It’s hard to overstate the restaurant’s iconic status. Lit by 36 gas lamps, with walls of burgundy velvet Lincrusta-Walton, long bars made of mahogany, room-length mirrors, and cherry wood arches, Gage and Tollner was as prestigious to Brooklyn as Delmonico’s was to Lower Manhattan. When it was landmarked in 1975, it was New York’s first landmarked dining room, and only its third landmarked interior; the first two were the New York Public Library and Grant’s Tomb. 

For decades Brooklyn’s finest were served she-crab soup, Baltimore broiled clams, English mutton chops, and kidneys en brochette by waiters in gold striped uniforms that indicated their length of service, with the Gold Eagle the most prestigious award, signifying 25 years of service.

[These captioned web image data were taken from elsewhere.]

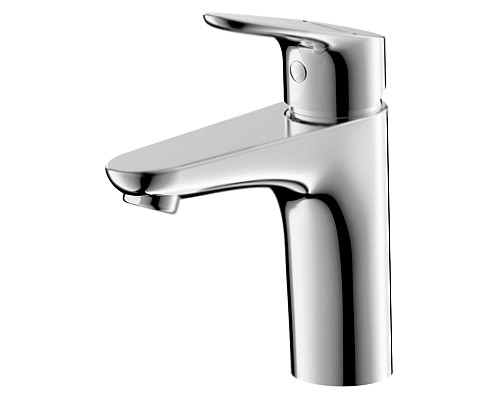 Смеситель для раковины Bravat Drop F14898C Хром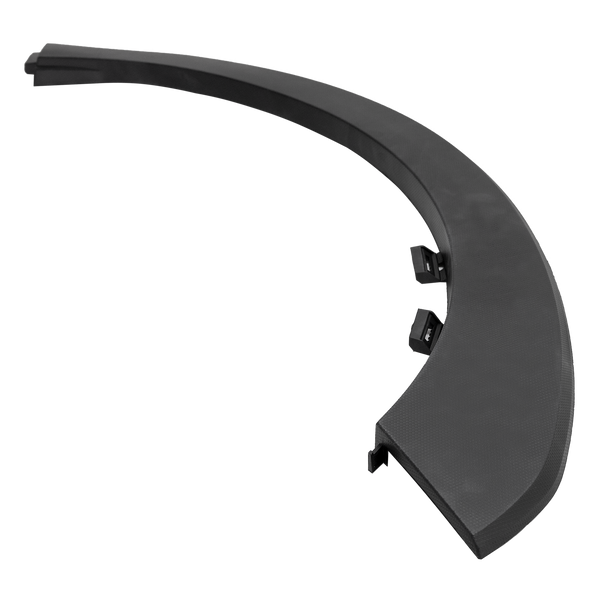 2018-2021 Subaru Crosstrek Rear Wheel Opening Molding LH.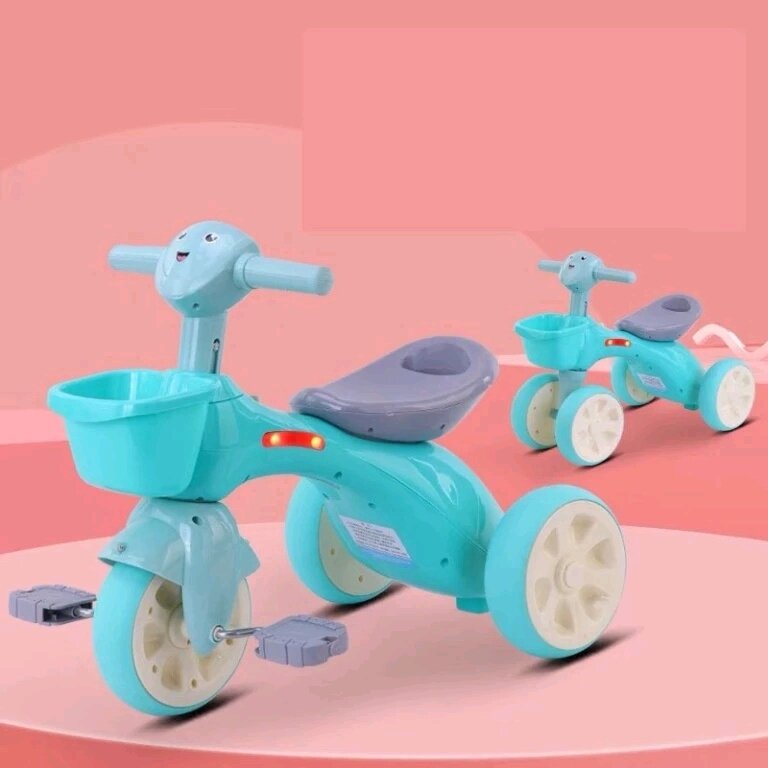 Xe đạp 3 bánh cho bé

Even after the restaurant stumbled and closed, its landmark status guaranteed that features like its gas lamps and cherry wood arches endured, a reminder to Arby’s diners and shoppers of faux leather bags of the location’s former glory. 

In 2018, a group of restaurateurs took over the lease. When they re-opened Gage & Tollner in 2021, local media widely declared their act of culinary time travel a success: The interior has been restored, the bar serves cocktails (mint juleps, assorted martinis) from the eating house’s glory days, and menu items such as she-crab soup and fried chicken recall the tenure of Edna Lewis—a Black Southerner who presided at Gage & Tollner from 1988 to 1992 and is hailed as one of America’s greatest chefs—while chops, Parker House rolls, and oysters and clams evoke an earlier, equally glittering era.

Know Before You Go

You probably want to order the Baked Alaska for dessert.